In a highly anticipated decision issued by the Supreme Court in the matter of King v. Burwell, the Court upheld the issuance of tax credits under the Affordable Care Act (“ACA”) to individuals purchasing insurance from an Exchange established by the federal government. As the Court acknowledged, a contrary ruling would have effectively destroyed the central purpose of the ACA, which is to provide affordable health insurance to Americans.

To increase the affordability of health insurance, the ACA offers tax credits to individuals whose household income is between 100 percent and 400 percent of the federal poverty line. If the cost of purchasing insurance is more than eight percent of an individual’s household income, they are exempt from the requirement of purchasing insurance.

Under the ACA, health insurance is purchased from “Exchanges.” The ACA permits States to set up their own Exchanges from which residents can purchase insurance. However, the Act mandates that, if a State chooses not to establish its own Exchange, the federal government must operate an Exchange in that State.

One specific provision of the ACA was at issue in King, which states that the amount of the tax credit available is dependent upon whether the taxpayer has enrolled in “an Exchange established by the State.” The Petitioners in King, four residents of Virginia, argued that the plain meaning of the ACA sets forth that tax credits are only available in States with their own Exchanges and, thus, because Virginia does not have its own Exchange, Petitioners were not eligible for tax credits and were therefore exempt from purchasing insurance under the eight percent income exemption.

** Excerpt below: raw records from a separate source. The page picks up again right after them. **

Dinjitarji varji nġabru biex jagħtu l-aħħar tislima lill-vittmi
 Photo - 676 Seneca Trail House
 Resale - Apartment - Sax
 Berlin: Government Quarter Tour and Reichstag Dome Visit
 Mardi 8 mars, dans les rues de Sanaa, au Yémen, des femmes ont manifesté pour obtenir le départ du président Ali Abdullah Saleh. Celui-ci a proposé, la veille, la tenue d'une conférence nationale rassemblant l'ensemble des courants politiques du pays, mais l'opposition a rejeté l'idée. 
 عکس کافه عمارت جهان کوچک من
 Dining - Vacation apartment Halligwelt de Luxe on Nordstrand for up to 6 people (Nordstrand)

The Supreme Court wholly disagreed, looking at the ACA in its entirety to determine that the Petitioners’ interpretation was “implausible.” For example, the Court looked to the meaning of a “qualified individual” as an individual who “resides in a State that established the Exchange.” The Court noted that, if it were to agree with the Petitioners’ reading of the ACA, then there would be no “qualified individuals” in States with federally-run Exchanges, which contradicts the requirement that all Exchanges—federally or State controlled—make health plans available to “qualified individuals.”

The Court’s decision revolved around the central assertion that, if they were to adopt Petitioners’ view, “State and Federal Exchanges would differ in a fundamental way . . . —one type of Exchange would make insurance more affordable by providing billions of dollars to the States’ citizens; the other type of Exchange would not.” While acknowledging some “inartful drafting,” the Court assessed a number of provisions that it believed were essentially non-functional if tax credits were available only to those individuals who purchased insurance from a State-run Exchange.

Justice Scalia dissented, with Justices Alito and Thomas joining him, arguing for a plain meaning of the ACA and writing that “[w]ords no longer have meaning if an Exchange that is not established by a State is ‘established by the State.’”

While there will likely be numerous other challenges to the controversial ACA, the Court’s holding in King reflects that the Supreme Court is likely to view such challenges in the context of the purpose and meaning of the Act itself.

If your institution has questions or concerns about this topic and you would like further information, please email James G. Ryan at jryan@cullenanddykman.com or Ariel E. Ronneburger at aronneburger@cullenanddykman.com.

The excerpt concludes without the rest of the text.